What’s that Greenplum thing
Tomorrow I catch my flight to head to Las Vegas so I can attend Greenplum Days on Monday-Tuesday. I’m pretty excited about this trip even though I will be in Vegas and essentially spending all of my time in a conference. You see the last month or so I’ve been heavily working with the Greenplum Database. As someone with a past in all aspects of database interaction from DBA to Programmer to SysAdmin, I find the product to be a very powerful offering. It still has a little maturing to do, but it is currently dazzling me with some of the things we’ve been able to do.

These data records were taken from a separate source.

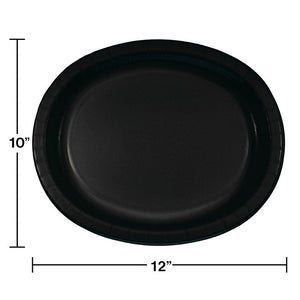 Bulk Pack of 16 Black Velvet Oval Platter 10" X 12"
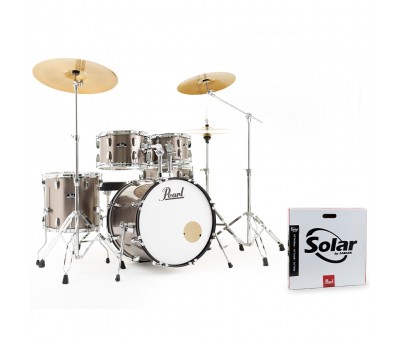 PEARL RS505BC/C707 Roadshow Bronze Metallic 5 Parça (20B/10T/12T/14F/14S) Aksamlı ve Sabian Zilli Akustik Davul Seti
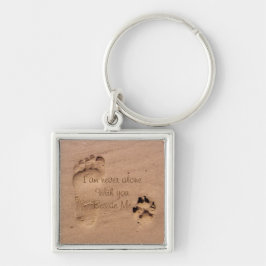 Dog Memorial Footprints in Sand gepersonaliseerd Sleutelhanger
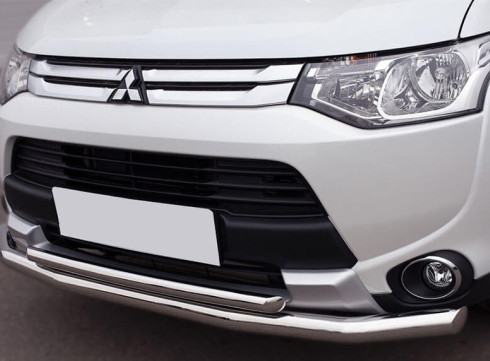 Защита переднего бампера для Mitsubishi Outlander XL 12-15 труба двойная от Tamsan фото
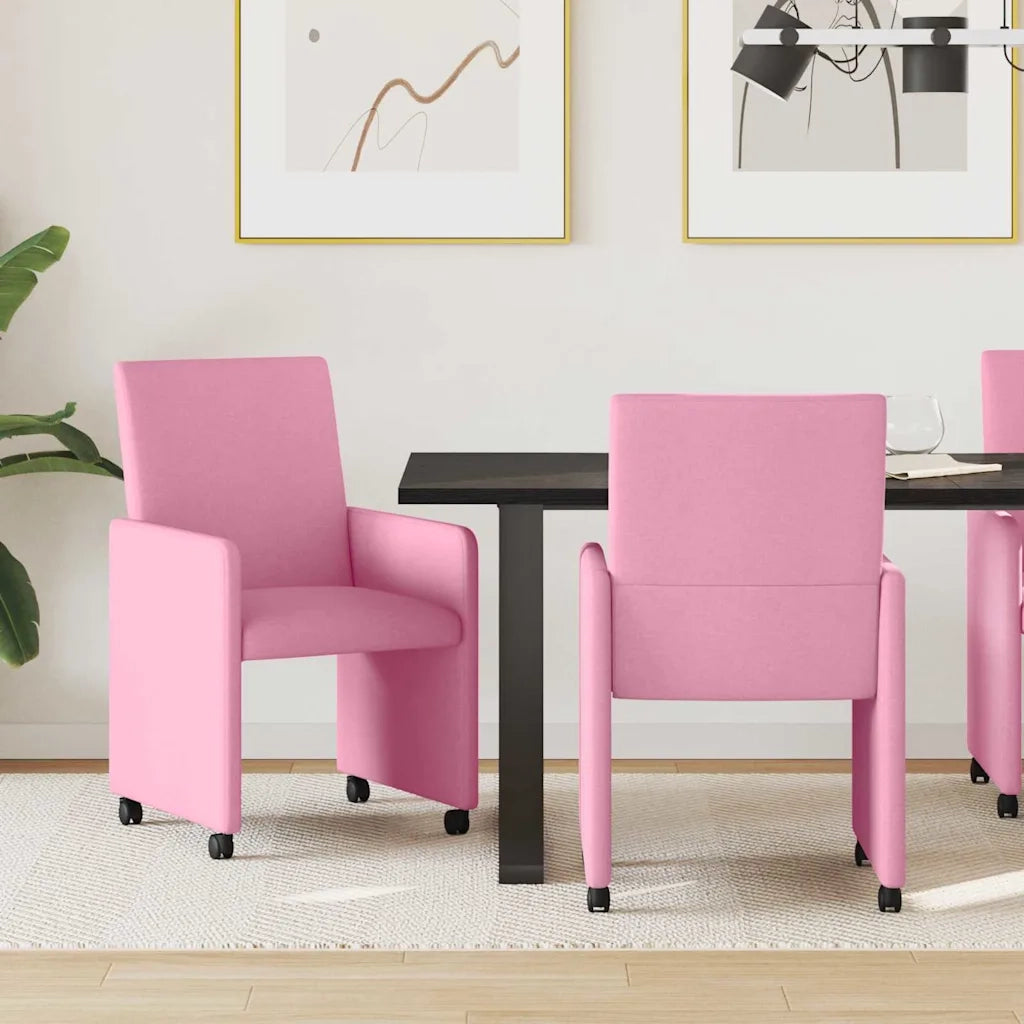 Sedie da Pranzo con Ruote 2 pcs Rosa 57 x 66 x 94 cm Tessuto 42017816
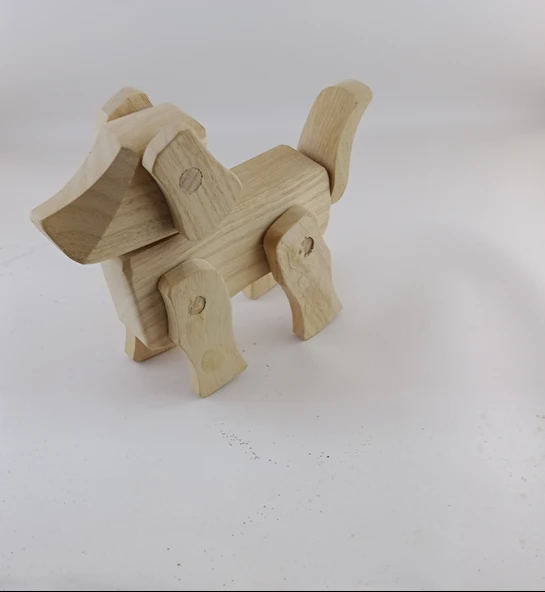 Woodile El Yapımı Doğal Ahşap Köpek Figürü Dekorasyon ve Oyuncak ürün görseli 1
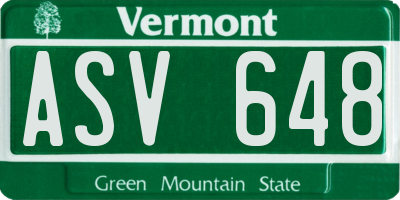 VT license plate ASV648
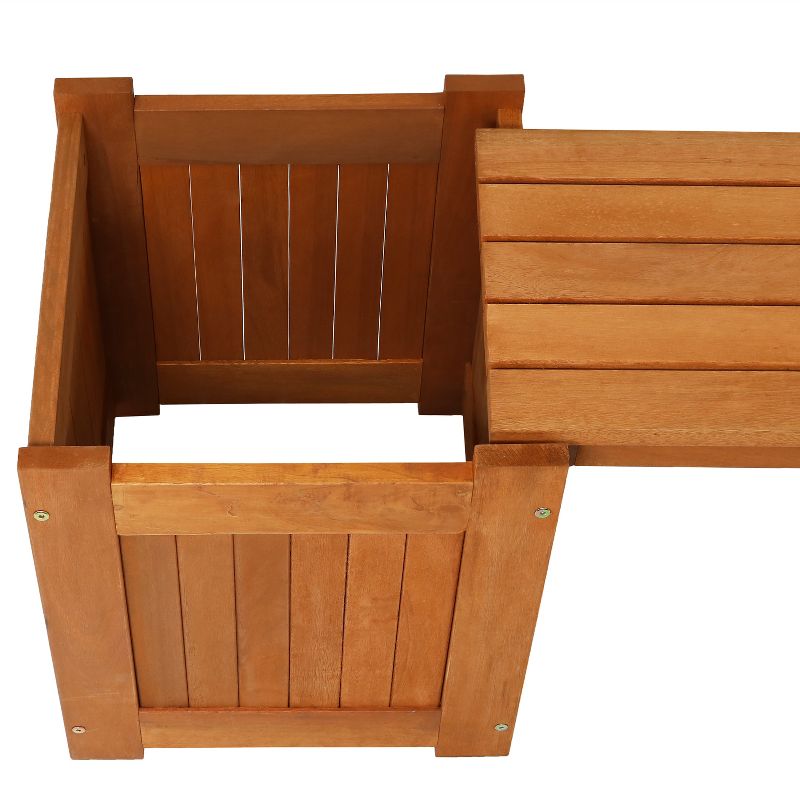 Sunnydaze Outdoor Meranti Wood with Teak Oil Finish Wooden Garden Planter Box Bench Seat - 68" - Brown, 5 of 11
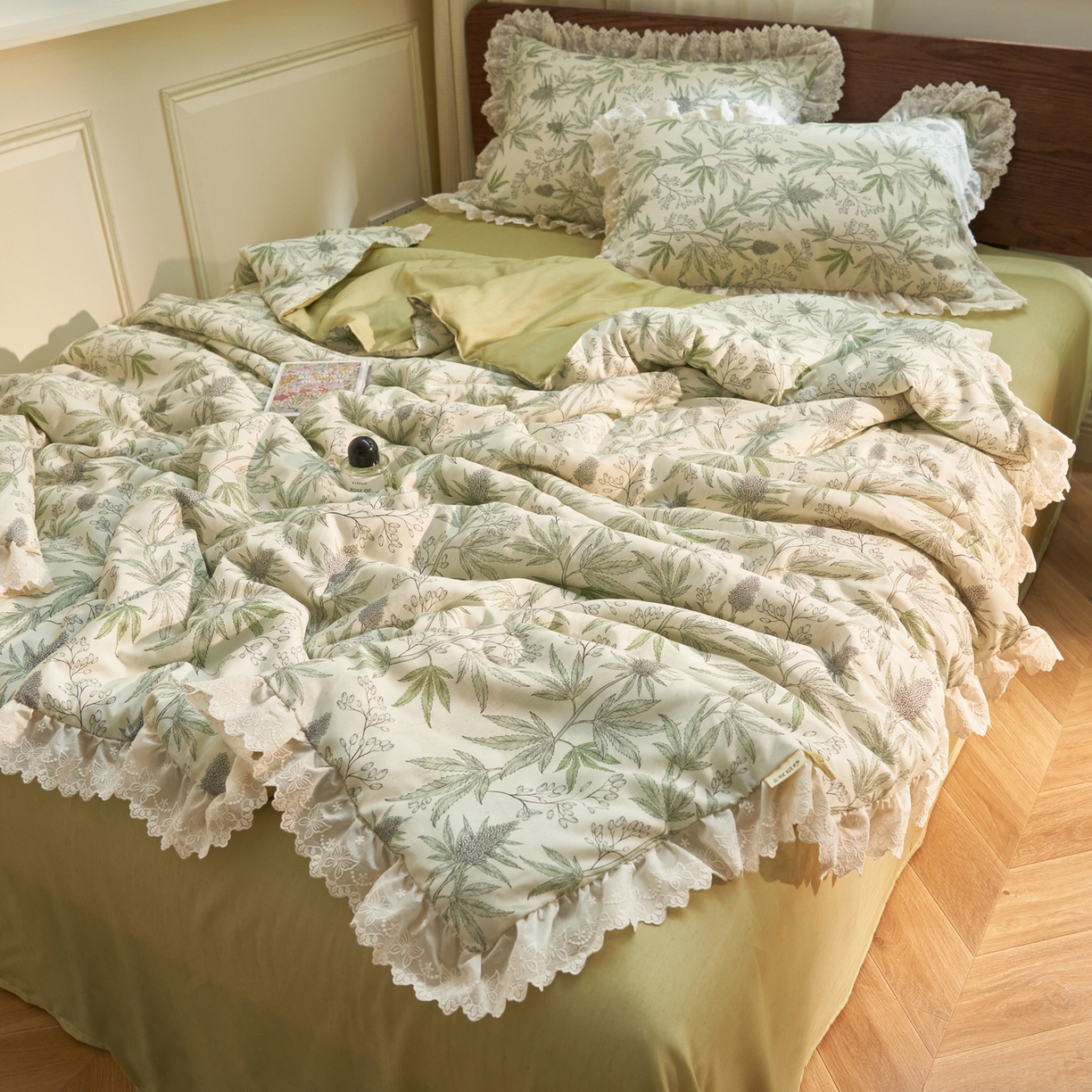 91家纺网 家纺一手货源 找家纺 晨曦家纺 2026新款高端纯棉天丝棉麻莱赛尔夏凉被四件套 香草漫野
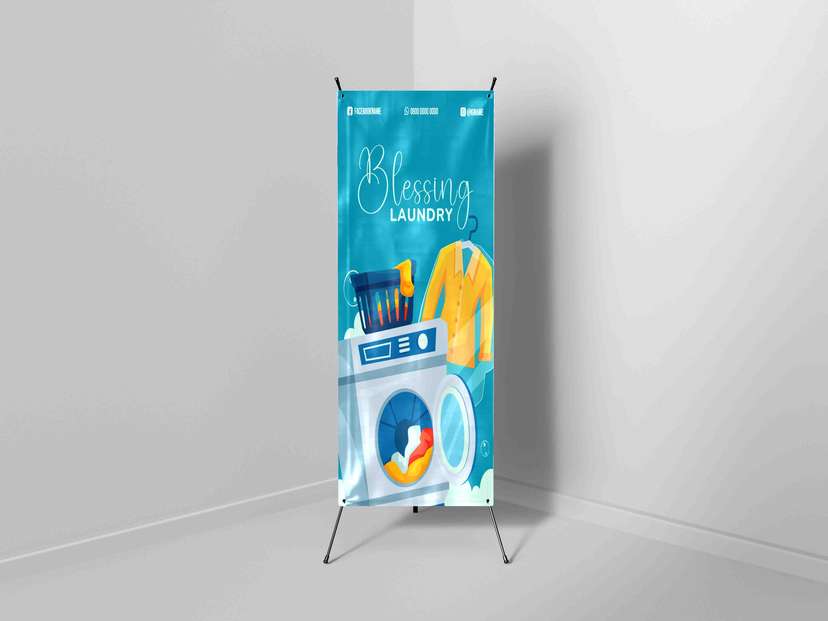 X Banner Laundry Warna Biru - Image 1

Stepping back a little bit I should explain how Greenplum Database is different then your traditional database offering. In many aspects a database is very similar to a book, and in this instance I’ll compare them to an encyclopedia (those things where you found info before Google/Wikipedia). If you only have a small amount of information for your encyclopedia the book form this is fairly simple. Ideally this information is in alphabetical order and finding an entry is as simple as opening up the book and finding the correct page between the two covers. If you are lucky there may even be an table of contents or index where you can reference a term you a looking for and go directly to it. This is exactly what a database is doing in a digital setting. As a business that uses that data you have the book as the central source of the information and having one person who spends their day looking up things. As business ramps up having this one person scenario might not be fast enough for the company, so you look to other solutions. The traditional database method was that you hire someone that is faster at looking things up (bigger server), you might even hire the Rain Man because he can memorize the whole thing. Another approach that has become fairly common is going out and buying another copy of the encyclopedia and someone to read it (replication). This works out great in that not only does it double the amount of question you can answer but additionally if person #1 calls in sick or Rain Man leaves to accompany me to Las Vegas, you still have someone there to answer those questions. It gets a little more complicated in that when the next version of the encyclopedia comes out you need to make sure they both get it at the same time so they don’t give out conflicting information, but all in all this is a fairly good solution.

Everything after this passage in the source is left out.